Le composant C2 est codé par un gène situé à l'intérieur du complexe majeur d'histocompatibilité. La fréquence de l'allèle nul de C2 (C2Q0) est d'environ 1% dans la population générale. Il existe un déséquilibre de liaison entre l'haplotype HLA A 10, B 18 et DR2 et la présence d'un allèle nul de C2. Le déficit homozygote en C2 est le déficit complet en protéine du complément le plus fréquemment observé dans la population caucasienne (entre 1 sur 10.000 et 1 sur 30.000). Quarante % des patients présentant un déficit homozygote en C2 développent une maladie apparentée au lupus. Le déficit en C2 est également associé à une fréquence accrue d'infections.

C - Déficits en C4 

Le C4 est une protéine polymorphe composée de trois chaînes liées par des ponts disulfures. Chez l'homme, 2 isotypes de C4, C4A et C4B sont codés par deux gènes très liés dans le complexe majeur d'histocompatibilité. Les isotypes C4A et C4B sont tous deux capables de participer à la formation de la C3 convertase classique. Cependant, l'isotype C4B se fixe avec une plus forte avidité sur les groupements hydroxyles des globules rouges de mouton par exemple (activité hémolytique) que l'isotype C4A. Inversement C4A se fixe mieux que C4B sur les complexes immuns ce qui le rend plus efficace à inhiber la précipitation des complexes antigènes - anticorps.
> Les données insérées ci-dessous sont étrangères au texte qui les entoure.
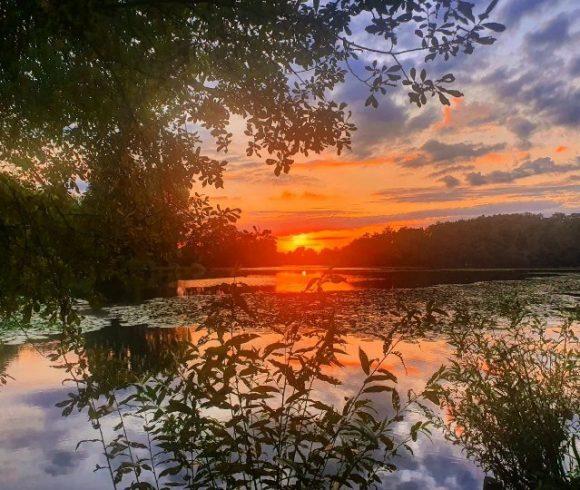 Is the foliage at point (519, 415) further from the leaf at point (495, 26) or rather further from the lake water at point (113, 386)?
the leaf at point (495, 26)

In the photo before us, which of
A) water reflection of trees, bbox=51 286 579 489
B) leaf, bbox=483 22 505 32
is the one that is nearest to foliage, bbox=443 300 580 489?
water reflection of trees, bbox=51 286 579 489

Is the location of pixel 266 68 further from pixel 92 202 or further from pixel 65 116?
pixel 65 116

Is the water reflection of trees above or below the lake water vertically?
above

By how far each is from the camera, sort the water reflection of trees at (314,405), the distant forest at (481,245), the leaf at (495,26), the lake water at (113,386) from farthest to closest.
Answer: the distant forest at (481,245), the lake water at (113,386), the leaf at (495,26), the water reflection of trees at (314,405)

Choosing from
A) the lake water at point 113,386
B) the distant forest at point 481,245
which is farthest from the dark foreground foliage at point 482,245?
the lake water at point 113,386

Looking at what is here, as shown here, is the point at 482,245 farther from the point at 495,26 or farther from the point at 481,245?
the point at 495,26

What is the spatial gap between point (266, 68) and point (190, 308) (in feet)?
83.1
Les déficits partiels en C4 sont très fréquents dans la population générale ; en effet 40 % des sujets normaux sont porteurs d'un allèle nul de C4. Ces allèles nuls appelés C4AQ0 ou C4BQ0 sont dus le plus souvent à une délétion au niveau de l'ADN génomique. Le déficit en C4A prédispose à la survenue de lupus érythémateux disséminé (LED) ou de maladies apparentées. Plusieurs études ont mis en évidence que 10 à 16 % des patients présentant un LED ont un déficit homozygote en C4A. Le risque relatif pour un sujet atteint de déficit homozygote en C4A de développer un LED est estimé à 15 - 20 fois supérieur à la population normale. En revanche, le déficit homozygote en C4B ne semble pas être présent avec une fréquence accrue chez les lupiques. Deux mécanismes ont principalement été discutés comme étant à l'origine de l'association entre les déficits en C2 ou C4 et la survenue de maladies auto-immunes. Certains haplotypes HLA, prédisposant à la survenue de maladies auto-immunes sont en déséquilibre de liaison avec l'allèle nul C4AQ0. Néanmoins, des études ont montré que la présence des allèles C4AQ0 constituent un risque indépendant de l'association à un haplotype HLA particulier. Il est donc très vraisemblable que ce déficit favorise la maladie par la diminution de la capacité du sérum à inhiber la précipitation des complexes immuns en l'absence de ces protéines.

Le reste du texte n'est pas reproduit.